WORK INSTRUCTIONS. No pictures go in the copy; retype exactly the lines from the one with "Smart Boxing Machine" through the last line of the records.

Recorded data.
+-------+
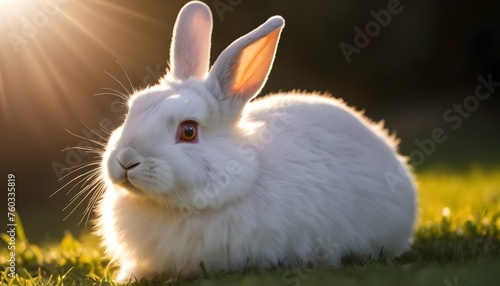 A Rabbit With Soft Fur Glowing In The Sunlight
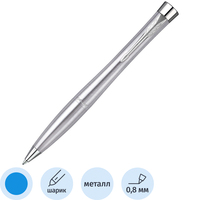Ручка шариковая Parker Urban Metro Metallic цвет чернил синий, цвет  корпуса серебристый (артикул производителя 2143641)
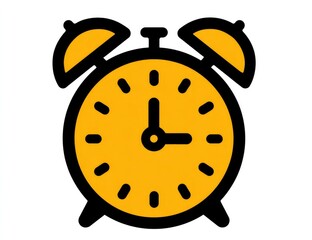 Simple, yellow alarm clock graphic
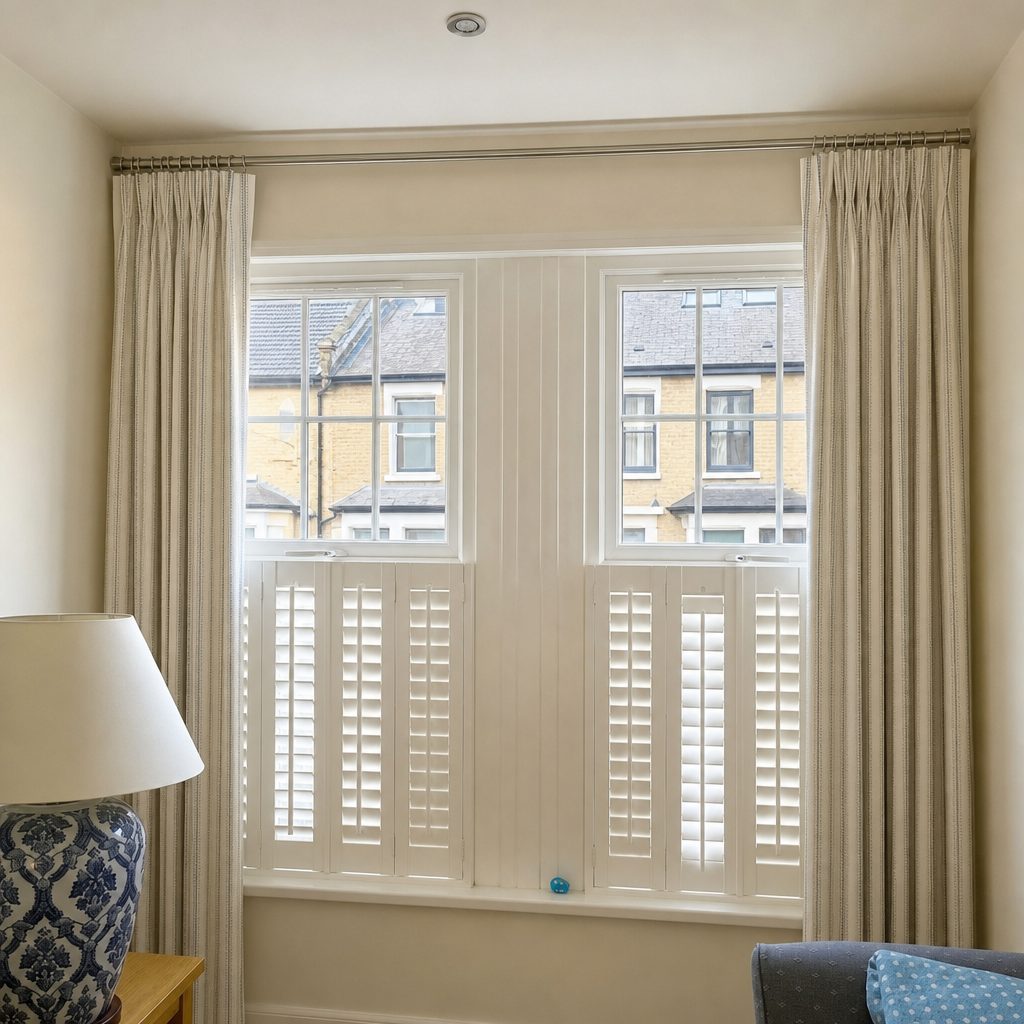 White pleated curtains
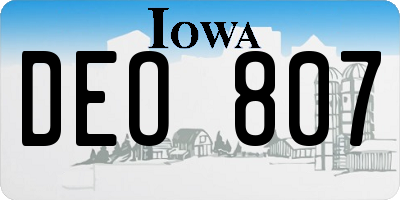 IA license plate DEO807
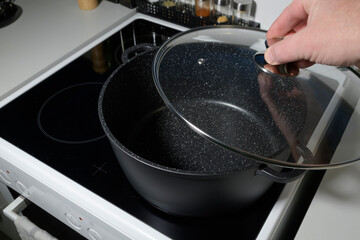 Stock Pot with Non-stick marble coating inside and glass lid .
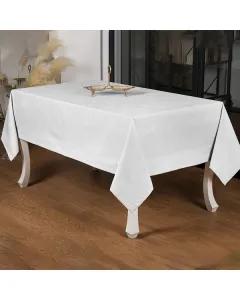 Nova Home Rana Table Cloth - Poly Cotton - White (Available In Sizes)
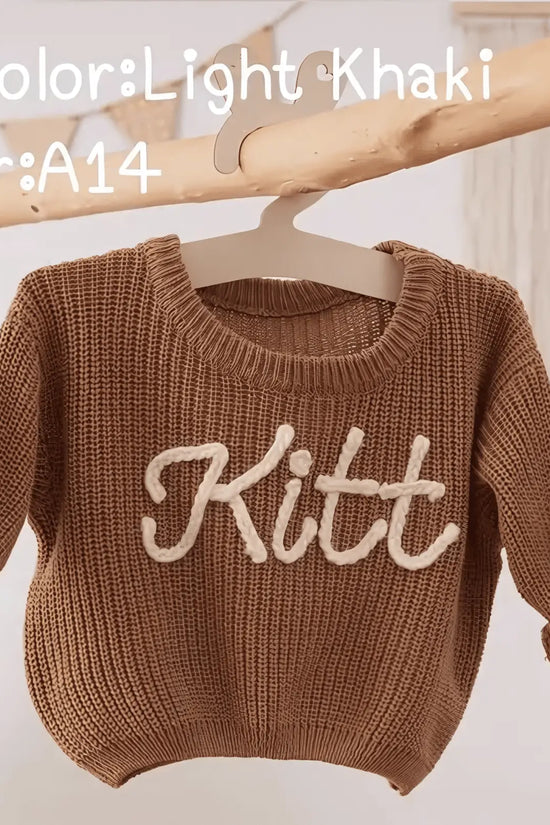 Cotton Hand embroidered Name Baby Sweater - IVORYNN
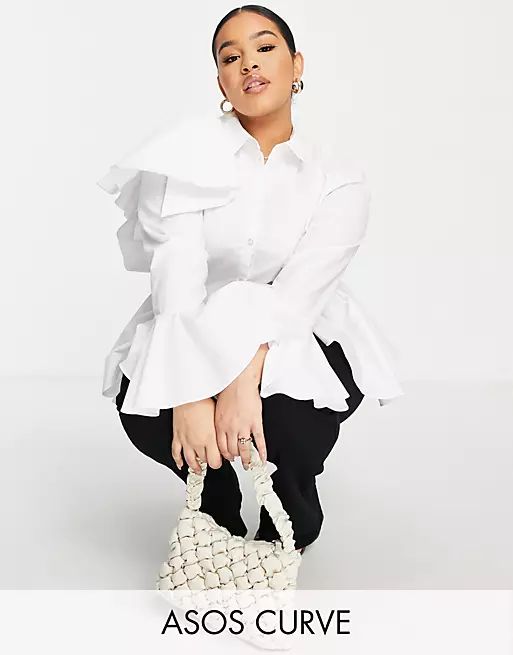 ASOS LUXE Curve poplin shirt with ruffles and buttons in white | ASOS (Global)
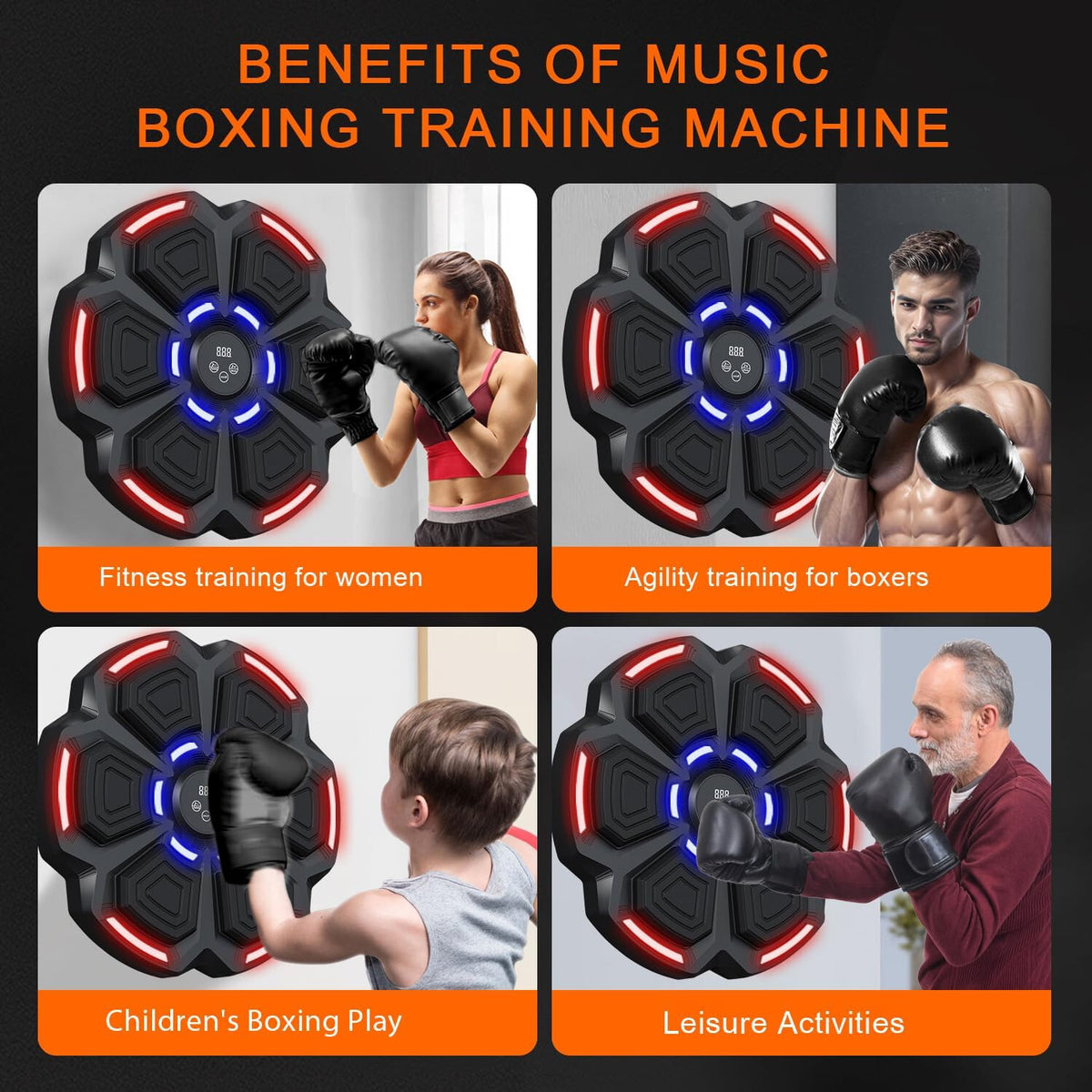 Smart Boxing Machine with Punch Speed & Rhythm Training for Kids & Adults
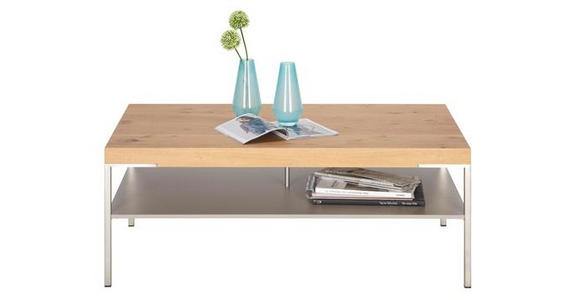 COUCHTISCH in Holz, Holzwerkstoff 110/65/42 cm - Eichefarben/Silberfarben, KONVENTIONELL, Holz/Holzwerkstoff (110/65/42cm) - Moderano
+-------+
TASK OUTPUT.
 Smart Boxing Machine with Punch Speed & Rhythm Training for Kids & Adults
 COUCHTISCH in Holz, Holzwerkstoff 110/65/42 cm - Eichefarben/Silberfarben, KONVENTIONELL, Holz/Holzwerkstoff (110/65/42cm) - Moderano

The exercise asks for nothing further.